Der Niederländer hat immer dafür gekämpft, keine Rollen spielen zu müssen und ganz man selbst zu sein. Er sass bereits 2013 beim Gay Pride in Amsterdam in einem Fussballboot. Trotzdem hat sich keiner seiner Spieler je bei ihm geoutet. Warum?

«In der Fussballwelt herrschen altmodische Hierarchien und ein sehr konservatives Denken und Handeln», sagt der 68-Jährige und glaubt nicht, dass sich bald ein Spieler outen wird (Foto: Jason Charters / Unsplash)

Als Fussballtrainer hat der Niederländer Louis van Gaal (68) mit den berühmtesten Clubs dieser Welt gearbeitet: Bayern München, Barcelona und Manchester United. Gerade ist eine 288 Seiten Biografie über ihn erschienen, in der das Wort «homosexuell» nicht vorkommt. Weil er nie einem schwulen Spieler begegnet ist? Die niederländische Zeitschrift Gaykrant sprach den Star-Coach-im-Ruhestand darauf an und bekam einige verblüffende Antworten.
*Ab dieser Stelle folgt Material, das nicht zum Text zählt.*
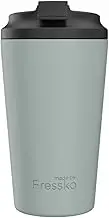 made by Fressko Reusable Coffee Cup - Stainless Steel Insulated Mug - Leak Proof Travel Cup for Hot/Cold Drinks - 3 Hr Heat Retention - Fits Car Holders & Coffee Machines - Sage - 16oz 450ml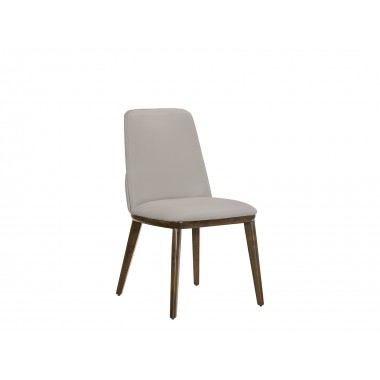 Casabianca STELLAR Dining Chair In Light Gray Leather With Walnut Wood Legs - Single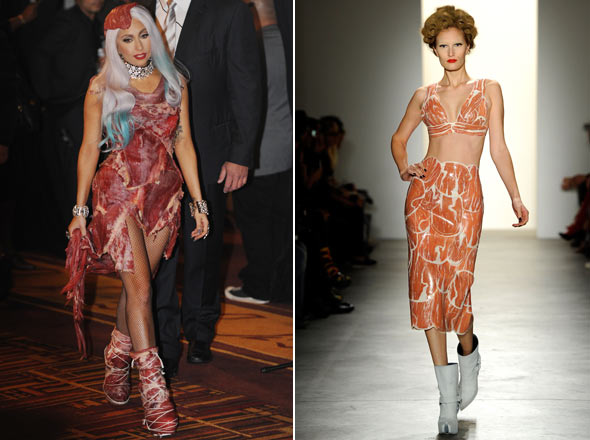 was lady gaga meat dress real. After the Lady Gaga meat dress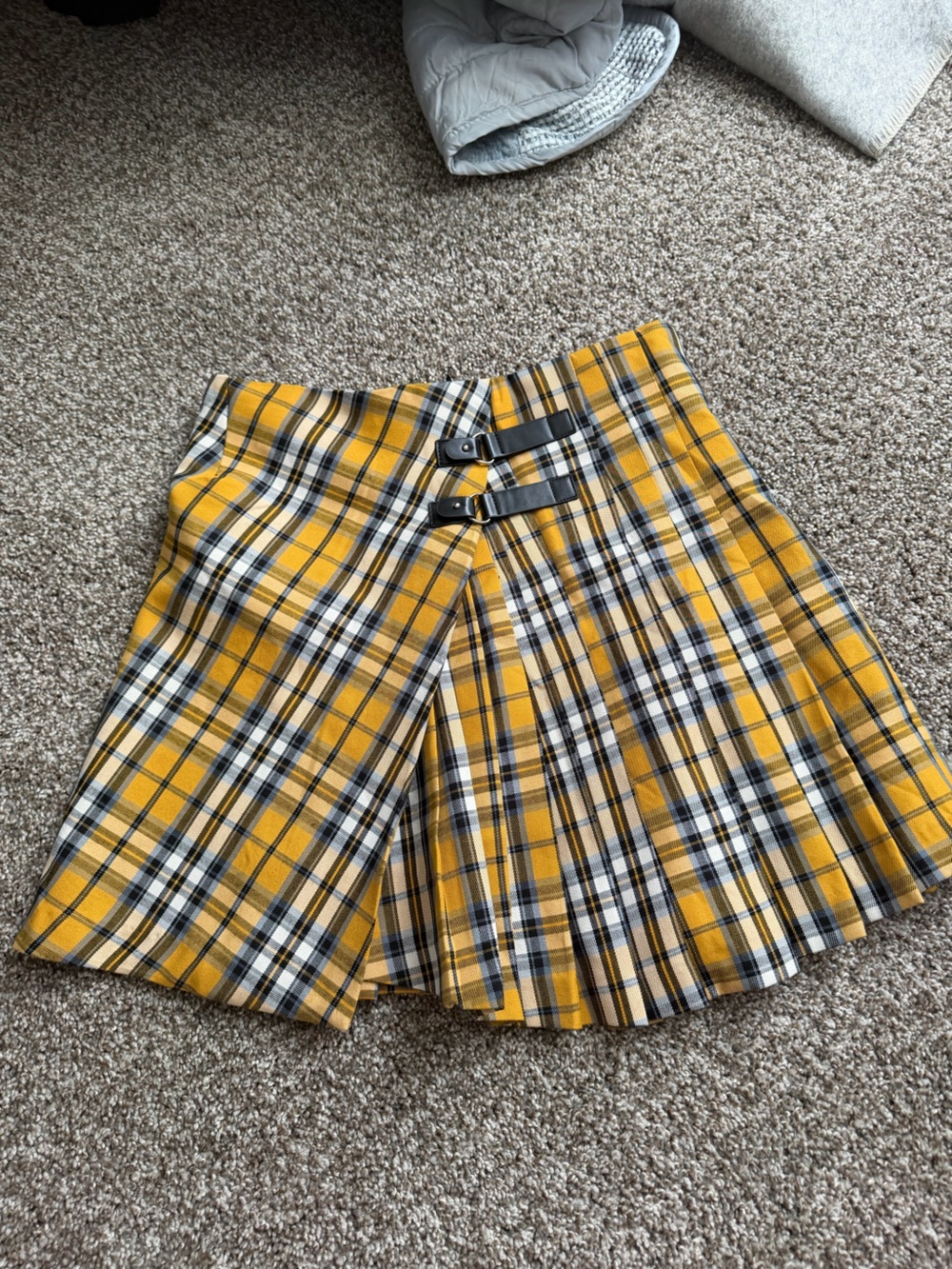 Maje Yellow Plaid Pleated Mini Skirt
Laut Interview mit van Gaal werde über das Thema im Allgemeinen in der Fussballwelt nicht gesprochen. «In der Fussballwelt herrschen altmodische Hierarchien und ein sehr konservatives Denken und Handeln. Und im Prinzip ist der homosexuelle Mensch auch so, denn er hat Angst vor den Konsequenzen. Warum sollte er sonst sein innerstes ‹Wesen› nicht zeigen? Weil es nicht akzeptziert würde? Gerade in der Abgeschlossenheit der Umkleidekabinen würde das sehr wohl akzeptiert werden. Aber es gab bislang noch keinen Fussballer mitten in der Karriere, der diesen Schritt getan hat.» Deswegen sei es laut van Gaal auch nicht verwunderlich, dass darüber nicht gesprochen werde. Er betont gleichzeitig, dass er immer ein «sehr neugieriger» Coach gewesen sei, der das Coming-out eines Spielers unterstützt hätte: «Ich bin selbst jemand, der keine Rolle spielen möchte und immer ich selbst bleiben will. Das würde ich auch allen anderen Menschen wünschen, also auch einem schwulen Fussballer.» (MANNSCHAFT berichtete über das jüngste Outing des Spielers Thomas Beattie.)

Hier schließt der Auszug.